When you reach the line that contains "В 70% школ Якутии открыты профильные классы" in the data below, start reproducing lines exactly, and stop after the line that contains "Đèn bàn LED thông minh Xiaomi Mijia 1S".

Extracted material:
━━━━━━━━━━━━━━━━━━━━

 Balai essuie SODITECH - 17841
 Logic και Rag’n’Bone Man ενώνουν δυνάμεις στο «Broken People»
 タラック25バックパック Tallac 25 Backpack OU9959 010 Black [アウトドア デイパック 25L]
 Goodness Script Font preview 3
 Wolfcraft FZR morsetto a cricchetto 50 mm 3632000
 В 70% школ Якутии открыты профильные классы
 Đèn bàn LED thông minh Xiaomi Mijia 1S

━━━━━━━━━━━━━━━━━━━━

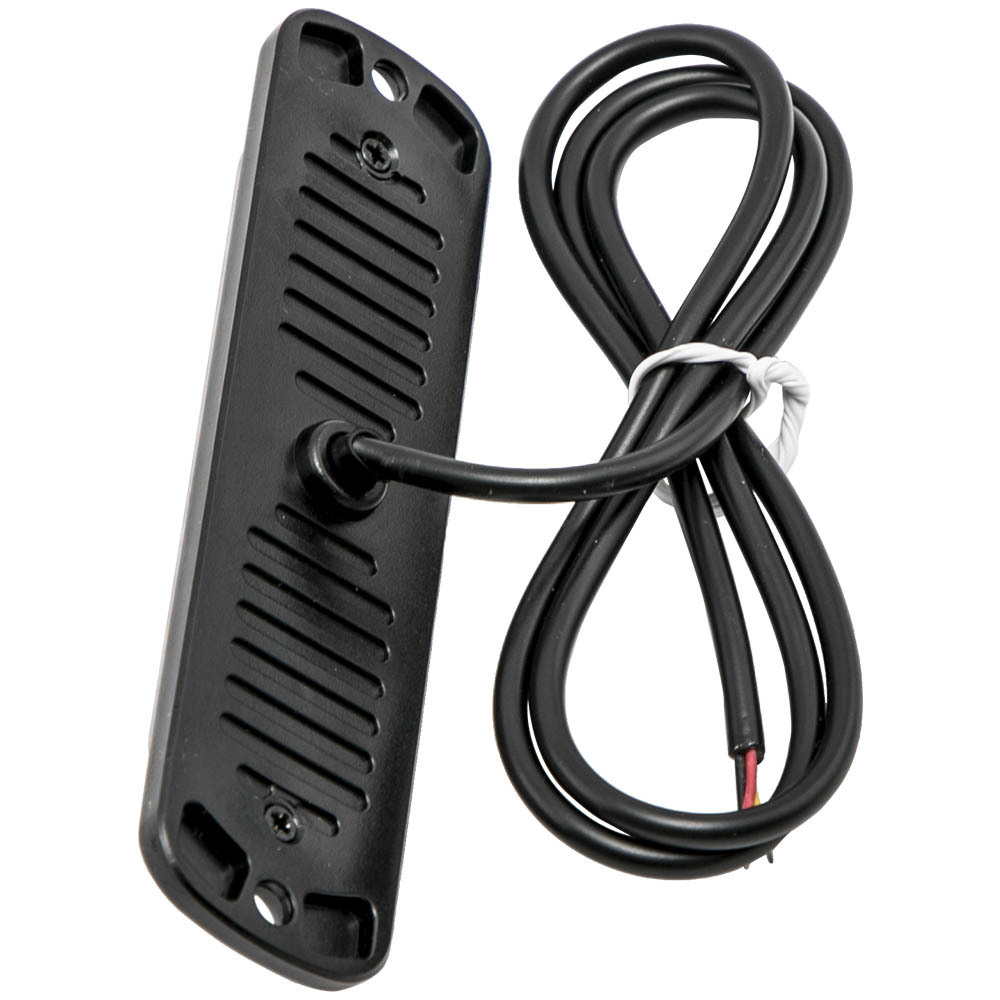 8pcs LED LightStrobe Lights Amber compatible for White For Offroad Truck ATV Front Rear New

━━━━━━━━━━━━━━━━━━━━

Result:
 В 70% школ Якутии открыты профильные классы
 Đèn bàn LED thông minh Xiaomi Mijia 1S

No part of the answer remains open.